*PROMPT:* Using the listing, copy each whole line that features "Blue".

----------------

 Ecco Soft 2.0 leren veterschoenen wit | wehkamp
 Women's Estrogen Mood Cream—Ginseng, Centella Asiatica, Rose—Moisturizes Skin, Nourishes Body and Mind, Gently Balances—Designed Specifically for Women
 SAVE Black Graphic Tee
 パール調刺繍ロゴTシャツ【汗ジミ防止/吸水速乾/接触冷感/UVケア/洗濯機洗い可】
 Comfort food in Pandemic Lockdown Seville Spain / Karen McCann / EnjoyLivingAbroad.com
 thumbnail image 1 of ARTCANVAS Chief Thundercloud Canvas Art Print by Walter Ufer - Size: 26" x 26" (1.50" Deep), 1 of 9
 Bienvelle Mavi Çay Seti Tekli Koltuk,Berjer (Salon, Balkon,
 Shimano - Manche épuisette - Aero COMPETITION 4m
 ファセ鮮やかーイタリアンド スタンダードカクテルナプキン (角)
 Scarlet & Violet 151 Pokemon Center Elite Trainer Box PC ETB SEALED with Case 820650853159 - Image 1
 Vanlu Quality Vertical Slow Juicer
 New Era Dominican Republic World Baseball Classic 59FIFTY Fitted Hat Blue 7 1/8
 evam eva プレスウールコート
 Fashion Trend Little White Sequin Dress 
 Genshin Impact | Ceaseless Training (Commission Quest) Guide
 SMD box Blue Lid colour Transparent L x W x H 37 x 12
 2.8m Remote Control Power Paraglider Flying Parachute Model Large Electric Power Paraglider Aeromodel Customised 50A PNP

----------------

*RESULT FOR THIS EXERCISE:*
 New Era Dominican Republic World Baseball Classic 59FIFTY Fitted Hat Blue 7 1/8
 SMD box Blue Lid colour Transparent L x W x H 37 x 12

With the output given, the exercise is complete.